Source: Hueiyen News Service
Thingnam Anjulika Samom, January 06 2010:
Eight year-old Thoibi (name changed) still recalls the night when her drunken father burnt down their house and all their possessions after a quarrel with her mother.
She was seven years old then.
Shy but wise for her age, she smiles despite the memories as she recalls, "I hardly get beaten when father was drunk; it is usually Boynao whom he spanks." Her smile however fades away and she hides her luminous eyes behind the curtain of jet black hair as she bows her head and adds softly, "Yes, he used to beat mother often'.
"I didn't cry during those incidents.
We just stood and watched," she continues as she stood up in reply to her mother's gesture.
Gently but firmly she pulls away her youngest sibling, who turns two years in April this year, from her mother's bosom so that her mother Bijanti can talk to the visiting mediapersons.

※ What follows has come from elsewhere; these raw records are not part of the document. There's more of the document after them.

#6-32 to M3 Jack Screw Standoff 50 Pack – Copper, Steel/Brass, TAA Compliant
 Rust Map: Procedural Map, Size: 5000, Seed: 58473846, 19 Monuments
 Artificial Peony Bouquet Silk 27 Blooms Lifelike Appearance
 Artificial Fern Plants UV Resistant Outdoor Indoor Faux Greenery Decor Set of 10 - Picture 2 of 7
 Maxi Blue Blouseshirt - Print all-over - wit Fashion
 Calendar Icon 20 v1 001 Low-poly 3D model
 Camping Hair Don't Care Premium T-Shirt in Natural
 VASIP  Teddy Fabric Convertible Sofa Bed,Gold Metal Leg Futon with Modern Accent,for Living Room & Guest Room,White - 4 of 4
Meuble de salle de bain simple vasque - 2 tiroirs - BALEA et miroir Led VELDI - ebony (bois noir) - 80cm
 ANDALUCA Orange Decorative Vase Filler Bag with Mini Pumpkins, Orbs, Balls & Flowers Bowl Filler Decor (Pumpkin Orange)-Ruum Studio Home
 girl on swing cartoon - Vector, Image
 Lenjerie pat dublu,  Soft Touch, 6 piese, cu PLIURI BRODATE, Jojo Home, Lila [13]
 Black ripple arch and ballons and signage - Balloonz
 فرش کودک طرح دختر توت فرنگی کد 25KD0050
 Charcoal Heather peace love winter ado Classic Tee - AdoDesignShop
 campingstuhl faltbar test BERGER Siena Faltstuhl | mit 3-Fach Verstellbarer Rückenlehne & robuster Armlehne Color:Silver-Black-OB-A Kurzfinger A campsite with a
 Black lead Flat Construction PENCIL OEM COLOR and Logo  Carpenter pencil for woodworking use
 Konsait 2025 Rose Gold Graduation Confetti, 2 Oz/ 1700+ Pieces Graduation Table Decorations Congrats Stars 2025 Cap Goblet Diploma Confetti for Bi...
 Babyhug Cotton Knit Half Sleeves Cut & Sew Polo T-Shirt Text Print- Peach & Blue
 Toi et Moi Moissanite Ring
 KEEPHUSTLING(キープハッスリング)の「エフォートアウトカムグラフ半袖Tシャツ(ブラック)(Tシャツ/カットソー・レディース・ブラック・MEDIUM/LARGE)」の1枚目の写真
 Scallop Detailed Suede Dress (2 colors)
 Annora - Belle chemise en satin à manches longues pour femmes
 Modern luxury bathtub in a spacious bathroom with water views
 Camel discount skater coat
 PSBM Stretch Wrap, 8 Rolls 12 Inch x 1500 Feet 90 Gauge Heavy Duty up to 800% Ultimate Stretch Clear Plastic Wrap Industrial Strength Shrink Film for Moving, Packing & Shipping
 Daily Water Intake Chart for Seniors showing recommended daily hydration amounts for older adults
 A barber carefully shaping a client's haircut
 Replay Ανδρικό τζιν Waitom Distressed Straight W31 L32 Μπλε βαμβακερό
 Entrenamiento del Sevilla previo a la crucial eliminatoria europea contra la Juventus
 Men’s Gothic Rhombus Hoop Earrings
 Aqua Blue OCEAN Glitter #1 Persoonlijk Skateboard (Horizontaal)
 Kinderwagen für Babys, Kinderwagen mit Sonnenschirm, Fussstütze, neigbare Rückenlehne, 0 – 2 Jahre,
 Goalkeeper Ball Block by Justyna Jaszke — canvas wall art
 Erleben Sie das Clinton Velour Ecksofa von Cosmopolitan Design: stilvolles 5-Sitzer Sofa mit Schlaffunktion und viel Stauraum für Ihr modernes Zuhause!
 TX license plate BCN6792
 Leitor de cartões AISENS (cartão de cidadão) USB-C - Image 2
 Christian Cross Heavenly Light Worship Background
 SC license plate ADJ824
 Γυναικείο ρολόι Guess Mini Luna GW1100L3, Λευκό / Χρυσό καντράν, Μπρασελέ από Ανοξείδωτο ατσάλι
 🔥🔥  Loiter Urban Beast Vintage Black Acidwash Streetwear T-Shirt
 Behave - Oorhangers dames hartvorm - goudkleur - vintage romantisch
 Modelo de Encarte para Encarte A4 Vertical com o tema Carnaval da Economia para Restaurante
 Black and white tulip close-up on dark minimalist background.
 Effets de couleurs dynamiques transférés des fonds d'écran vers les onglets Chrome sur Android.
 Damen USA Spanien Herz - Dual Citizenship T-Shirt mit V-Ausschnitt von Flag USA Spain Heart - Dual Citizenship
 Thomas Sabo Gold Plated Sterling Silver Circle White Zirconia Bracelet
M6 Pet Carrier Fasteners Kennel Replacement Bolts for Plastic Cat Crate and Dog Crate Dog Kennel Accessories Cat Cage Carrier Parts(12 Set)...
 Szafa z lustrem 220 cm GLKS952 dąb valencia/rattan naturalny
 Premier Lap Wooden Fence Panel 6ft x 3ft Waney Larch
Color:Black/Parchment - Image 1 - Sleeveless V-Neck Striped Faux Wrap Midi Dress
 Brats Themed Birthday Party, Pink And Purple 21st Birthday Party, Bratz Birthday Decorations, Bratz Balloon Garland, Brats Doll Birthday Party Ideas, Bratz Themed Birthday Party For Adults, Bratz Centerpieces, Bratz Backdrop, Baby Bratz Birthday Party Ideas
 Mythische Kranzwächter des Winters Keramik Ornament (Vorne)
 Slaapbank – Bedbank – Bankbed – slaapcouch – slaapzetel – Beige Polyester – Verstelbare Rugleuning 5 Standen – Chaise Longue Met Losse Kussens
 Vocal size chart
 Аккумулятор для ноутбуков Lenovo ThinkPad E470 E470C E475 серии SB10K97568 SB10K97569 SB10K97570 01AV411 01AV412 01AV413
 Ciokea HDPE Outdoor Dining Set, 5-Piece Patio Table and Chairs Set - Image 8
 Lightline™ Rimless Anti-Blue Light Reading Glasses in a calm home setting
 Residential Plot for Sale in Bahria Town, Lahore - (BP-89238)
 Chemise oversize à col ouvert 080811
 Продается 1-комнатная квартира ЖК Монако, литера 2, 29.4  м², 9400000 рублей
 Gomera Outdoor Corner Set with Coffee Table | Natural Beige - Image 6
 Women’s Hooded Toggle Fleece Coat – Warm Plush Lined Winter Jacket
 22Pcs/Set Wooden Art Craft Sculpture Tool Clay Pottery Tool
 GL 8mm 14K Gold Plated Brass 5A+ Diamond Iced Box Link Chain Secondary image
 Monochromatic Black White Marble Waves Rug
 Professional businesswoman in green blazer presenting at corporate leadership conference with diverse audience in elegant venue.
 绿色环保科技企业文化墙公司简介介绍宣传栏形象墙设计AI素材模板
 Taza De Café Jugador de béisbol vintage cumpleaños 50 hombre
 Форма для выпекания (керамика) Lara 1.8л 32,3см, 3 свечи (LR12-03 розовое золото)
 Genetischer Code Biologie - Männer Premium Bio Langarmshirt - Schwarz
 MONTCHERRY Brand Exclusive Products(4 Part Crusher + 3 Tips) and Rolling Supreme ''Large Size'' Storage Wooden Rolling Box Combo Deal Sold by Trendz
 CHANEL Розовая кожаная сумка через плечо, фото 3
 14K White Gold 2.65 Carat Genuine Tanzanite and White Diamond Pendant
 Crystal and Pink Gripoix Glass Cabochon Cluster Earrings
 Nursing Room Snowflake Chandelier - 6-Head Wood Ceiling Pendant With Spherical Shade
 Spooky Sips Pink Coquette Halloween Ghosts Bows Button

Seated on a borrowed mat by her ramshackled hut located in Haorang Keirel village under Sekmai Assembly Constituency just about 10 kilometres from the state capital Imphal, 35-year old Bijanti spares no words in abusing her errant husband, Prem Singh, a construction labourer who had deserted her and the children about nine months back.
"There is no place for him here now with me even if he comes back," she fires.
"We heard that he is either in Churachandpur or Tamenglong and has taken a new wife.
Earlier also a few months after our third child was born, he had eloped with a girl and was jailed for six months," she informed.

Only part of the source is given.